| Directions for this task |
Look for the word "Benz" in the entries and copy every line where it shows up.
----------------
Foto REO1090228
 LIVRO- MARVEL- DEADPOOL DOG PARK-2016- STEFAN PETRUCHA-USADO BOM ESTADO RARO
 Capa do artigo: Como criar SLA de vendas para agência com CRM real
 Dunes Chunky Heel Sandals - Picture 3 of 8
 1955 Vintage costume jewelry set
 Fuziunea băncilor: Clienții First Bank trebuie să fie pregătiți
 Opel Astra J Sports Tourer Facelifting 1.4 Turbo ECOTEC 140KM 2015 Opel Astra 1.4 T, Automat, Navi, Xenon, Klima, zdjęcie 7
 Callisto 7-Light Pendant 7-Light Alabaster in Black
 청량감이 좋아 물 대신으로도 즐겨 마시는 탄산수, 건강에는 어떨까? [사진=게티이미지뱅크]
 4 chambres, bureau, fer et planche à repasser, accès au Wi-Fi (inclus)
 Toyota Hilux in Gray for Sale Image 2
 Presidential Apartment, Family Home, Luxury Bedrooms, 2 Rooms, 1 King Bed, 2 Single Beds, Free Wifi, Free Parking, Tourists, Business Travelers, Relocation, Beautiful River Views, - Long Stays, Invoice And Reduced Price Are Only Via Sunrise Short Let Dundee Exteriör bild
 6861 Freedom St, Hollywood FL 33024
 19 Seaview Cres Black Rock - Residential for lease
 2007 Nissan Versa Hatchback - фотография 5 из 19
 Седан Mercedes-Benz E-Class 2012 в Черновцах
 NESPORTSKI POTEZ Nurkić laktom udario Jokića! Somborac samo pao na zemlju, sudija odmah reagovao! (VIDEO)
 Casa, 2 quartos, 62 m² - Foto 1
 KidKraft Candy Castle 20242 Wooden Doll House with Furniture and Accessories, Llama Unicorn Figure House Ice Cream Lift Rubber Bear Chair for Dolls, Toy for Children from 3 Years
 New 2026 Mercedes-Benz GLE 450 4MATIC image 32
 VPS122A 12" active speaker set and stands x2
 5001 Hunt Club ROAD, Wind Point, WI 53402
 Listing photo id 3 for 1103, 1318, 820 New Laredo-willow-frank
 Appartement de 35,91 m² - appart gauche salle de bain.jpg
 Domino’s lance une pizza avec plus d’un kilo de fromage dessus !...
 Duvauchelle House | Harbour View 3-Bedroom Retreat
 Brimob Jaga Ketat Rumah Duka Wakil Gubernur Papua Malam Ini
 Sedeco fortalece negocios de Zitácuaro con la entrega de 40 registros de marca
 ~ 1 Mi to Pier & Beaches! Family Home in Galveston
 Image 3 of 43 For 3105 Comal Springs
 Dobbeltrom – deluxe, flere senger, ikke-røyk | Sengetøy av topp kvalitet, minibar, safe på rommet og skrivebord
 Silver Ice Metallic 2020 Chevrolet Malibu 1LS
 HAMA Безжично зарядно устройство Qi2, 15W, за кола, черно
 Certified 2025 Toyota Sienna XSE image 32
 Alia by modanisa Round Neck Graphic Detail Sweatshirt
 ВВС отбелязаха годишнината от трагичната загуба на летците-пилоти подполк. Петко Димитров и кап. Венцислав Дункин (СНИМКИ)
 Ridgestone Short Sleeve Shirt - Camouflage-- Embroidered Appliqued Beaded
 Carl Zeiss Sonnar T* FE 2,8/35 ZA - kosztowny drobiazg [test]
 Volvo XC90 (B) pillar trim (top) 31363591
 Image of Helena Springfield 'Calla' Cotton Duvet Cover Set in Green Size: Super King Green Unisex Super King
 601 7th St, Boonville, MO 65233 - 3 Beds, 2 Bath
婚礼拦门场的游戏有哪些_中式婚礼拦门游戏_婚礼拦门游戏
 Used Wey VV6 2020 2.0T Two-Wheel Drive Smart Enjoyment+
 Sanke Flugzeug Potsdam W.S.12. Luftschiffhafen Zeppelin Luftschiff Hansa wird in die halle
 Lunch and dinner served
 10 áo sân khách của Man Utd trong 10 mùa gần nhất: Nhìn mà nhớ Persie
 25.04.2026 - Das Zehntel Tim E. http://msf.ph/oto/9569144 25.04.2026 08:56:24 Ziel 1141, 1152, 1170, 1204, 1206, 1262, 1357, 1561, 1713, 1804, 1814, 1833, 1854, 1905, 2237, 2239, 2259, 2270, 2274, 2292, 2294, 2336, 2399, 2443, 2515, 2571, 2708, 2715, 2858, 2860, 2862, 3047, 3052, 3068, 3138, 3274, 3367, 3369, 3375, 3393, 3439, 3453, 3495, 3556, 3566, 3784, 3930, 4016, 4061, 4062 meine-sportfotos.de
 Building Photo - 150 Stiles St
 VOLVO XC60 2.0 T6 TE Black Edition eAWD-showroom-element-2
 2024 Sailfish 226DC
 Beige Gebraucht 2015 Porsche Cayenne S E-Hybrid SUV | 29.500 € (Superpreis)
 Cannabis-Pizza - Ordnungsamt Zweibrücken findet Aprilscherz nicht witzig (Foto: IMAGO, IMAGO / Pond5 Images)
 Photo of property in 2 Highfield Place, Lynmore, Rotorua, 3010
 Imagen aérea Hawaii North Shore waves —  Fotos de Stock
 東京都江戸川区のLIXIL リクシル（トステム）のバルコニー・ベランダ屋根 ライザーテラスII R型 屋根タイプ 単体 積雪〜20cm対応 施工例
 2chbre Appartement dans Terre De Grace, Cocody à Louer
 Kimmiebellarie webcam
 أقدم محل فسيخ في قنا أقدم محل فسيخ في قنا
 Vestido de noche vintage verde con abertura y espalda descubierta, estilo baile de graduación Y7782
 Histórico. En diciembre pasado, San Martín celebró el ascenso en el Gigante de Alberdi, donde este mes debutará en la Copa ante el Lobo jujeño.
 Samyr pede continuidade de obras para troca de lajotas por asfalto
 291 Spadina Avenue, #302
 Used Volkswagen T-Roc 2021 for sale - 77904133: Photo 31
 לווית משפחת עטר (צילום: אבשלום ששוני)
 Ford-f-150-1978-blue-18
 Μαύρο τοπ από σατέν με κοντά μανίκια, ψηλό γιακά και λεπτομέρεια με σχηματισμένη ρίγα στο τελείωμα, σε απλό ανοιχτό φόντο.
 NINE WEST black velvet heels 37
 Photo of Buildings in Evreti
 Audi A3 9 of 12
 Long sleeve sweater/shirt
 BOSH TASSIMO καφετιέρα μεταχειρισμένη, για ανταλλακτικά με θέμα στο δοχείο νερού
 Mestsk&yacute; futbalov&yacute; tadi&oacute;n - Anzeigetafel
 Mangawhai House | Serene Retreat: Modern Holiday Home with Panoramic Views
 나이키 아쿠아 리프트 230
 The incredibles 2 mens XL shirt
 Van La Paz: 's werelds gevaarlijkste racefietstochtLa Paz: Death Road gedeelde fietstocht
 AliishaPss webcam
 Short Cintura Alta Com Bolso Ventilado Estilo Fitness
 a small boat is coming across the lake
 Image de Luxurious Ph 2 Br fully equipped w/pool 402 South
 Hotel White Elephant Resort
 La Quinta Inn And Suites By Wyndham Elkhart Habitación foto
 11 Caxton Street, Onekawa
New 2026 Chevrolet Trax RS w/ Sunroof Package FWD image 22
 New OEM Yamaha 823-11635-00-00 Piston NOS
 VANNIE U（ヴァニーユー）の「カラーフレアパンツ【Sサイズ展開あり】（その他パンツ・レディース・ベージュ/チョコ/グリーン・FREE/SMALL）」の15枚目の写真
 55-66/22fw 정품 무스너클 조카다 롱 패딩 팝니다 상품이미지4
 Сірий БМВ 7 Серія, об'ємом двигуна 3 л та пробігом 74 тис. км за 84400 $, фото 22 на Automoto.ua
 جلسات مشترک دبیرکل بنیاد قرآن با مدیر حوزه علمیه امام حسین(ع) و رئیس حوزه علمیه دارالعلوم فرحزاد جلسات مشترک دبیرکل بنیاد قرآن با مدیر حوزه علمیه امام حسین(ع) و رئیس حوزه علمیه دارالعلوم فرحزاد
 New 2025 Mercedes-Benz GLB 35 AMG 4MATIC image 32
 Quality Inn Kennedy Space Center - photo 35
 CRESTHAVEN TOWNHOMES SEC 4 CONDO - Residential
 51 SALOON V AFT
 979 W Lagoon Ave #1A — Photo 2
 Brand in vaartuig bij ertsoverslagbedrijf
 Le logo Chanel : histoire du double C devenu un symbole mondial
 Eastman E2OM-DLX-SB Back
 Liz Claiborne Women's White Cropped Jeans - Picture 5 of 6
----------------
| Your solution |
 Седан Mercedes-Benz E-Class 2012 в Черновцах
 New 2026 Mercedes-Benz GLE 450 4MATIC image 32
 New 2025 Mercedes-Benz GLB 35 AMG 4MATIC image 32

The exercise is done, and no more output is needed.